Internodal excitonic state in a Weyl semimetal in a strong magnetic field
Abstract
The simplest Weyl semimetal with broken time-reversal symmetry consists of a pair of Weyl nodes located at wave vectors Kτ =τ b in momentum space with τ = 1 the node index and chirality. The electronic dispersion near each node is linear. In a magnetic field B along b, this dispersion is modified into a series of positive and negative energy Landau levels n= 1, 2,… ,which disperse along the direction of the magnetic field, and a chiral Landau level, n=0, with a linear dispersion given by eτ ,n=0( kz) =-τ vFkz, where kz is the component of the wave vector k along the magnetic field and vF is the Fermi velocity. In the extreme quantum limit, the Fermi level is in the chiral levels near the Dirac point. When Coulomb interaction is considered, a Weyl semimetal may be unstable towards the formation of a condensate of internodal electron-hole pairs. In this article we use the full long-range Coulomb interaction and the self-consistent Hartree-Fock approximation to generate the condensed state. We study its stability with respect to a change in the Fermi velocity, doping and strength of the Coulomb interaction and also consider Weyl nodes with higher Chern number C=2,3. We derive the response functions of the excitonic state in the generalized random-phase approximation (GRPA).
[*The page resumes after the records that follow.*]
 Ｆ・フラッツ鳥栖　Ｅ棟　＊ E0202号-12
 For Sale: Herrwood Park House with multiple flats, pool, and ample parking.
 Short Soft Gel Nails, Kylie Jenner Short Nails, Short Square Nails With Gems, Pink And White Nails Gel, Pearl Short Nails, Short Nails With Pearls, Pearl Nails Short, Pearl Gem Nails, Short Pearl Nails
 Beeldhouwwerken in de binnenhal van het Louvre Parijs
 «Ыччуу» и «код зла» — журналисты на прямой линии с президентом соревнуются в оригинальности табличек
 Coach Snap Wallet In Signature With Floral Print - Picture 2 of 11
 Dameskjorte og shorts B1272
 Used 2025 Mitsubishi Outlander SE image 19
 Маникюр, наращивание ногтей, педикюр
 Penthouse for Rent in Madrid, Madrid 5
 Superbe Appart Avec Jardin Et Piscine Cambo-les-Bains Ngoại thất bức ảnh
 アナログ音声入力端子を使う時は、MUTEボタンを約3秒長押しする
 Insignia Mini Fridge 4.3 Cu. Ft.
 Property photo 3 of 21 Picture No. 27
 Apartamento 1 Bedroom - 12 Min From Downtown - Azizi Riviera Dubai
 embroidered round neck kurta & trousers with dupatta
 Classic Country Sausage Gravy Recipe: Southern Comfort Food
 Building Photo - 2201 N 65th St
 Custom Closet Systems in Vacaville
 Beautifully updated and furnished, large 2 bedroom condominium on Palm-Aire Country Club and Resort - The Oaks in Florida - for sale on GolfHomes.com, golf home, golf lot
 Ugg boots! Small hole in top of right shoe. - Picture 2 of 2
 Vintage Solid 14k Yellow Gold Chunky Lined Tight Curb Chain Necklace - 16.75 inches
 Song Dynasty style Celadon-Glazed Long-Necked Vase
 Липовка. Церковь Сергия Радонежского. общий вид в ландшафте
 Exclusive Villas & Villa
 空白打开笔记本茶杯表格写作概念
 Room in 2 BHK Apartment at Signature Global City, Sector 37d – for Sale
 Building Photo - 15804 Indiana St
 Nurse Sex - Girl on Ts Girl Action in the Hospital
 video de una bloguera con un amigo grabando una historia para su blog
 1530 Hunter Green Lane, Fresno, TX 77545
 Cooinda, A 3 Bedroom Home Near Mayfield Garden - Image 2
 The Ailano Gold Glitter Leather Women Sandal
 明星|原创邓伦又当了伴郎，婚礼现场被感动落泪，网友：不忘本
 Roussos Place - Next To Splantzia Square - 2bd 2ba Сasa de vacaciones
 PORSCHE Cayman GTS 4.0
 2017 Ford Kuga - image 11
We show that, in the mean-field gap induced by the internodal coherence, there is, in the GRPA excitonic response, a series of bound electron-hole states with a binding energy that decreases until the Hartree-Fock energy gap is reached. In addition, there is a collective mode gapped at exactly the plasmon frequency: the gapless mode present in the proper excitonic response function is pushed to the plasmon frequency by the long-range Coulomb interaction.